By Kathryn Baxter
When I started tenth grade at a new school, a fellow student offered to show me the ropes. In those awkward moments of early adolescence, she and I grew close. Since then, we’ve never not been best friends. We have lived in different cities, states, countries and hemispheres, but we’ve always been together - if only in spirit.
I recently started thinking about what it really means to me to be a best friend.
She might tell you about the day we were in our school library and she learned difficult news. She might tell you that when she started crying, I sat at her feet and held her hands and knees, staring at her, giving her a place to look while she cried.
I would tell you that this person, my friend, was sharing her scary pain and I didn’t know what else to do but be with her, silently.
For years, we mirrored each other’s pain and fear and confusion. And joy. There was so much joy. So much love. We started calling each other a third parent. We started celebrating the anniversary of our friendship.
She crocheted me a scarf. We shared mixtapes and burned playlists. I made her collages. She shared her artwork with me. I shared my writing with her.
When we were nineteen, we imagined we could raise a child together, like a family – but different. By then we had witnessed so much together. Her mother left. My brother ran off. Her grandfather died. My mother lost her job and her home. My heart had been broken - again. Her heart had been broken - again.

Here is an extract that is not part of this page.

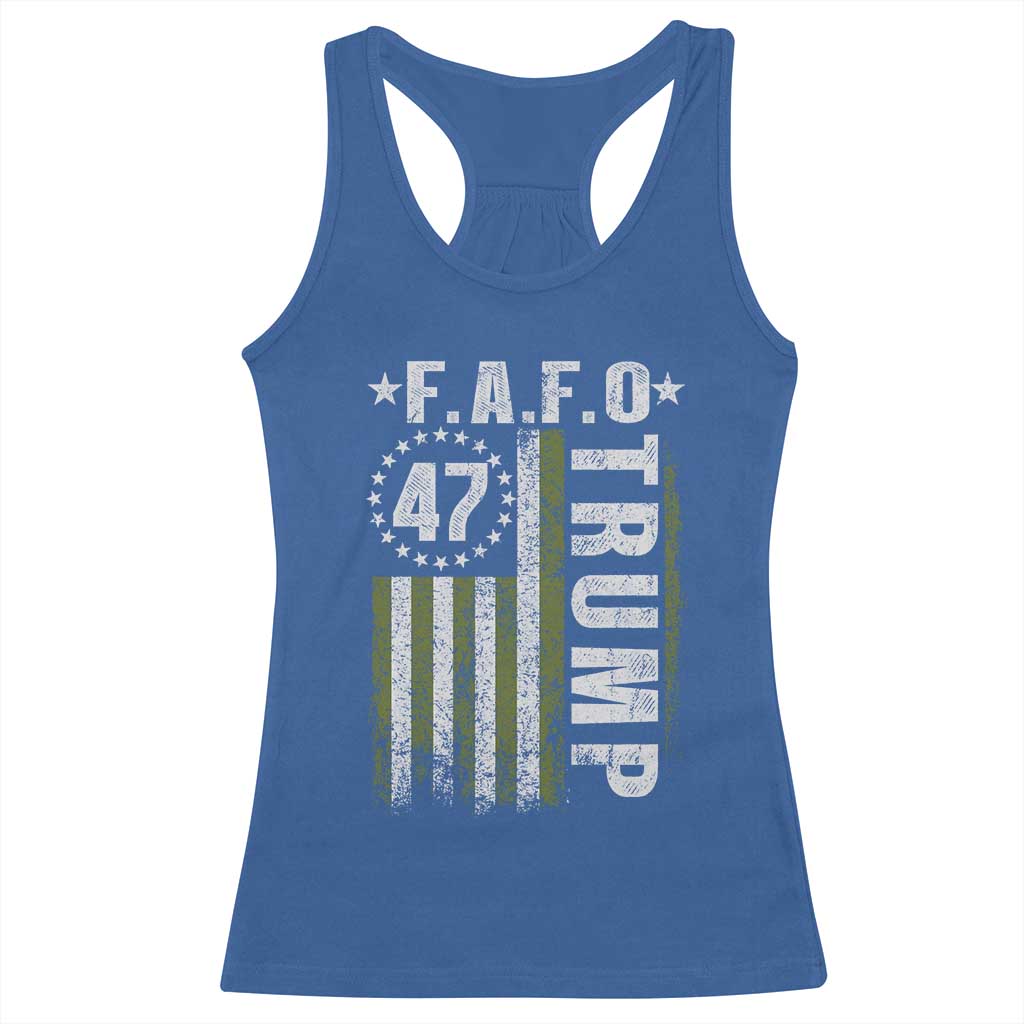 Funny Fafo Racerback Tank Top President 47 FDT American Flag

When we needed advice, when we needed to be witnessed by the one person who has been there through so much, we turned to each other.
When she fell in love, her heart trembled at the thought of forever being with someone; and forever being without that someone. And she started wanting a child for real.
When she told me I would be her baby’s godmother, my eyes grew large and reflected all the light she shined onto me. I started to imagine how I would aim that reflection to a new person.
I thought of what we were like, teenagers, side-by-side. I think of how quickly her son will be the age she and I were when we first met.
Over twenty years ago, we fell into a kind of innocent love with each other and we never fell out of that love, even when we are cities and states and countries and hemispheres apart.
I feel my heartbeat, and I want her baby to fall asleep against it one day. And I count down the days to meet this brand new person coming from one of the few people I’ve known for so, so long.